Exercise: After locating the line that holds "Whirlpool/惠而浦 WG-F85831BHK 8.5kg变频烘干滚筒全自动洗衣机", repeat it and each following line exactly until the material ends, skipping pictures.

*** Dataset content Section Begins ***

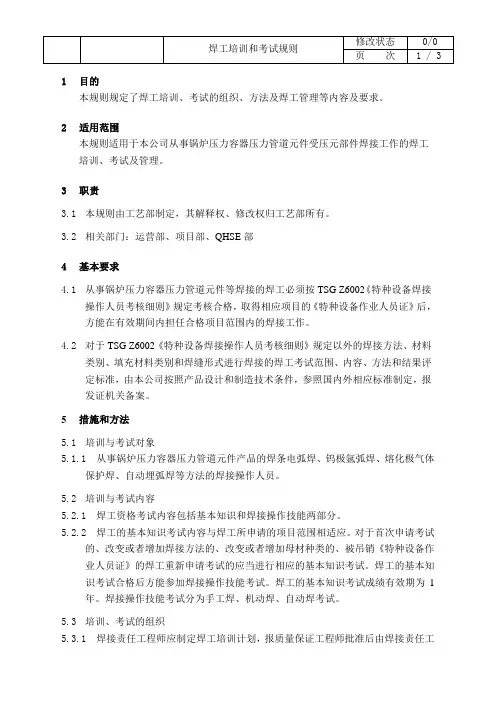 焊工培训和考试规则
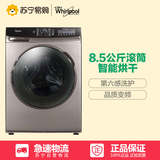 Whirlpool/惠而浦 WG-F85831BHK 8.5kg变频烘干滚筒全自动洗衣机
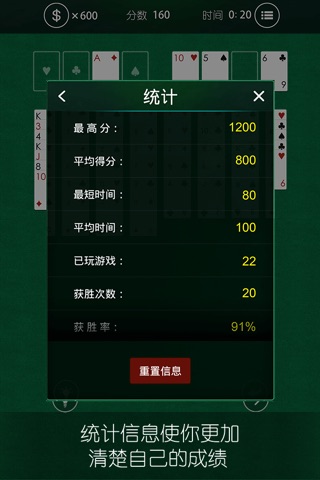 FreeCell Solitaire: classic poker games for free screenshot 4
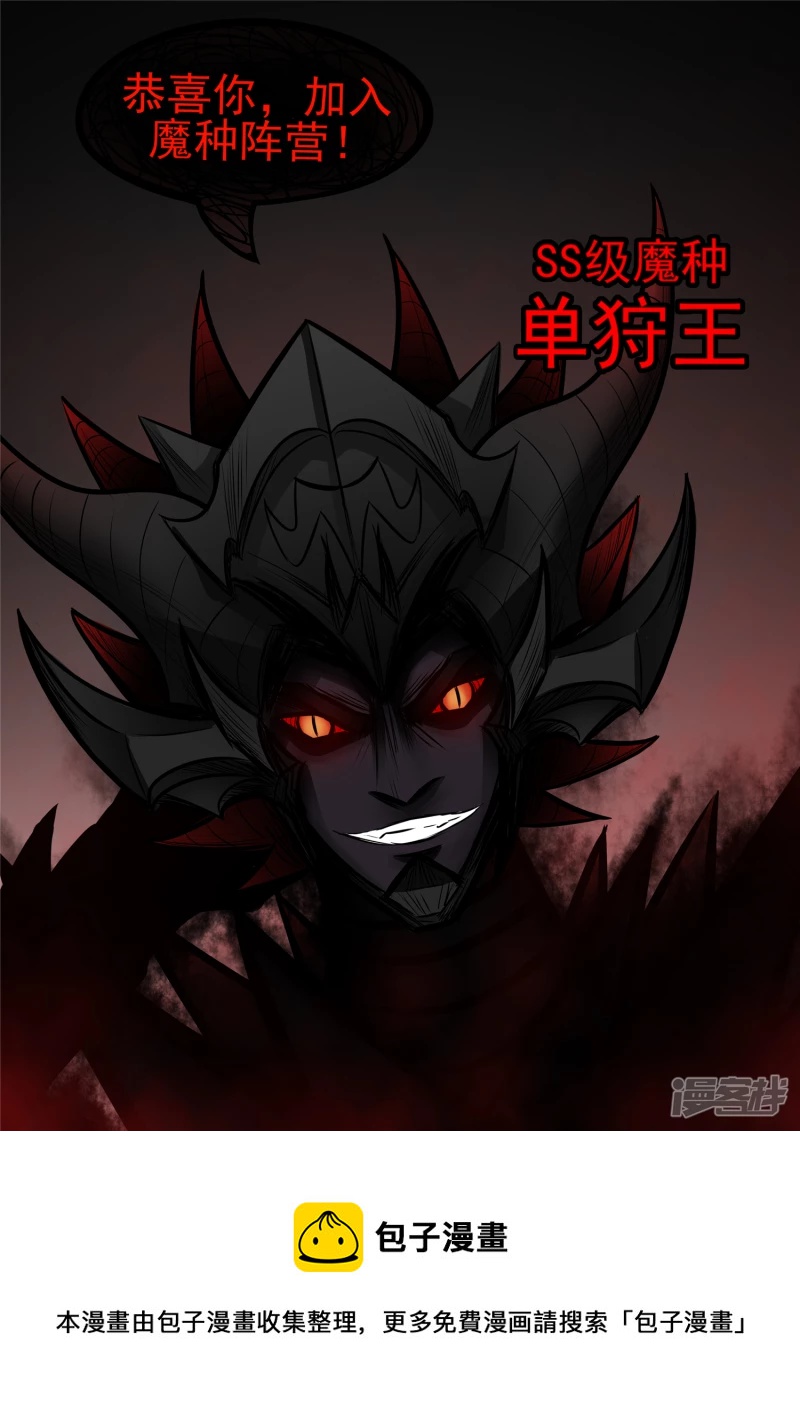 第八十四章 围魏‘攻’赵29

*** Dataset content Section Ends ***

Solution to this exercise:
 Whirlpool/惠而浦 WG-F85831BHK 8.5kg变频烘干滚筒全自动洗衣机
 FreeCell Solitaire: classic poker games for free screenshot 4
 第八十四章 围魏‘攻’赵29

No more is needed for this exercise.